Deutlich mehr Berliner und Brandenburger als noch vor zwei Jahren lehnen eine Länderfusion ab. Das geht aus einer Studie der Politikwissenschaftler Oskar Niedermayer und Richard Stöss von der Freien Universität hervor. Ohne eine gezielte Vorbereitungskampagne, die die Fusion zur „Herzensangelegenheit der Leute“ macht, könnte nach ihrer Ansicht auch eine zweite Volksabstimmung über die Fusion scheitern. „Ich würde das nicht ausschließen wollen“, sagte Niedermayer gestern. Die Senatskanzlei zeigte sich trotzdem zuversichtlich für eine Fusion.

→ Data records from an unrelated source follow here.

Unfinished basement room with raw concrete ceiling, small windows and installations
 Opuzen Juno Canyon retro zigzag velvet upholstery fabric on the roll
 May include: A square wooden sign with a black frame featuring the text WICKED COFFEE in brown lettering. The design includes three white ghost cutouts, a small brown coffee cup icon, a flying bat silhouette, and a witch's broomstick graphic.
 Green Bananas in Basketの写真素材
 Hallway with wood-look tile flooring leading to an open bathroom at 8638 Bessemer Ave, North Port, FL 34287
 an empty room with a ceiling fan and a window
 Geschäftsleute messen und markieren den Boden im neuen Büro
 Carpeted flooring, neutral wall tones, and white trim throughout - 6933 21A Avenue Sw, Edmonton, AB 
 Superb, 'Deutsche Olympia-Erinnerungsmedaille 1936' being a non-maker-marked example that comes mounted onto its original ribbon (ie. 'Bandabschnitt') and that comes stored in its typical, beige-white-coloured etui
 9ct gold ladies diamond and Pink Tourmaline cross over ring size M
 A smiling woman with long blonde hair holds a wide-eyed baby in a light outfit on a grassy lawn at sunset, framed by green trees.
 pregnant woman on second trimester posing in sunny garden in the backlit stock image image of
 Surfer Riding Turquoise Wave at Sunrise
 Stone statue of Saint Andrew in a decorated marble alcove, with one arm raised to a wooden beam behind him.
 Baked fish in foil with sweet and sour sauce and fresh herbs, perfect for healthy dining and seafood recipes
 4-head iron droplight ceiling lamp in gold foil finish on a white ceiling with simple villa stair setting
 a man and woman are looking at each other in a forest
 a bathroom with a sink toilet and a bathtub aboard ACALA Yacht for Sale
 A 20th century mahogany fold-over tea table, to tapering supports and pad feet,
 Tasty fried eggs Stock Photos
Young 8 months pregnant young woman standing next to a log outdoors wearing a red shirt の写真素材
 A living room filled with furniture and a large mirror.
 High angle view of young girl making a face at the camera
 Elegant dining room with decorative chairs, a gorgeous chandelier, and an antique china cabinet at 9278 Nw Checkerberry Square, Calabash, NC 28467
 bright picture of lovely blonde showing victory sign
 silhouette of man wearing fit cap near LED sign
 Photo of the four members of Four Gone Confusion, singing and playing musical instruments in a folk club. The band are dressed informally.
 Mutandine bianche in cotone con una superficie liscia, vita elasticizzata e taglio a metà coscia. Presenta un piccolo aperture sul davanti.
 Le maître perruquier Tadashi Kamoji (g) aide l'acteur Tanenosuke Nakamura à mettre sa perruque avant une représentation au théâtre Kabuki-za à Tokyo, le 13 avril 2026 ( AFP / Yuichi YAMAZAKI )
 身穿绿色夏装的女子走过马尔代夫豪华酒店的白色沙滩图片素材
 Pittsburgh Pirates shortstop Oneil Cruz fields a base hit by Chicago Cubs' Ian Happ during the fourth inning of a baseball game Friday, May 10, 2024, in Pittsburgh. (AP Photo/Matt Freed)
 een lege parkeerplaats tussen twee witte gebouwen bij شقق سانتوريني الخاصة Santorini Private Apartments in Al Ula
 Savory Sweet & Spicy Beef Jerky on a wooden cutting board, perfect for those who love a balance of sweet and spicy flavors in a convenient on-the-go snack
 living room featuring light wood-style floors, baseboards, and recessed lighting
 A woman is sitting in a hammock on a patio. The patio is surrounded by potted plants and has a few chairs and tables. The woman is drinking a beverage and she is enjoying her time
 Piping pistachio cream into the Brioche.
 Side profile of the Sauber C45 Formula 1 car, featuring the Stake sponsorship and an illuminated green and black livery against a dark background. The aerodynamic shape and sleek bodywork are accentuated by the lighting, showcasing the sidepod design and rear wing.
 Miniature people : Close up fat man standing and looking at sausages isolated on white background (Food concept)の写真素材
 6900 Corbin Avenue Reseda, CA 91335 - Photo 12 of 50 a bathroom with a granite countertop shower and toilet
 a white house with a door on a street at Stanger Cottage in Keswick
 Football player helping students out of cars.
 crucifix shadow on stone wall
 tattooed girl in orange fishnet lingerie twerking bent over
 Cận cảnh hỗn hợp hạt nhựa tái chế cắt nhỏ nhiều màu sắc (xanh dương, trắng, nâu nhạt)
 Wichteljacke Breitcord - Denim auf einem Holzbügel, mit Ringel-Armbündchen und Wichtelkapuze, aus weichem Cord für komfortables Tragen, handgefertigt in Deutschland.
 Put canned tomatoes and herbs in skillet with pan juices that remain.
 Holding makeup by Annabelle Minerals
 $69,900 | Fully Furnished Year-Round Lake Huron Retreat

Der erste Anlauf war im Mai 1996 gescheitert. Damals stimmte zwar in Berlin eine knappe Mehrheit zu. Dem stand aber ein klares Nein in Brandenburg gegenüber, wo zwei von drei Stimmen die Fusion ablehnten. Einen zweiten Versuch soll es in vier Jahren geben: Der Koalitionsvertrag von SPD und PDS sieht die Fusion bis 2009 und das Referendum für 2006 vor. Eine Vorreiterrolle soll die jüngst zwischen Berlin und Potsdam vereinbarte Fusion von SFB und ORB übernehmen.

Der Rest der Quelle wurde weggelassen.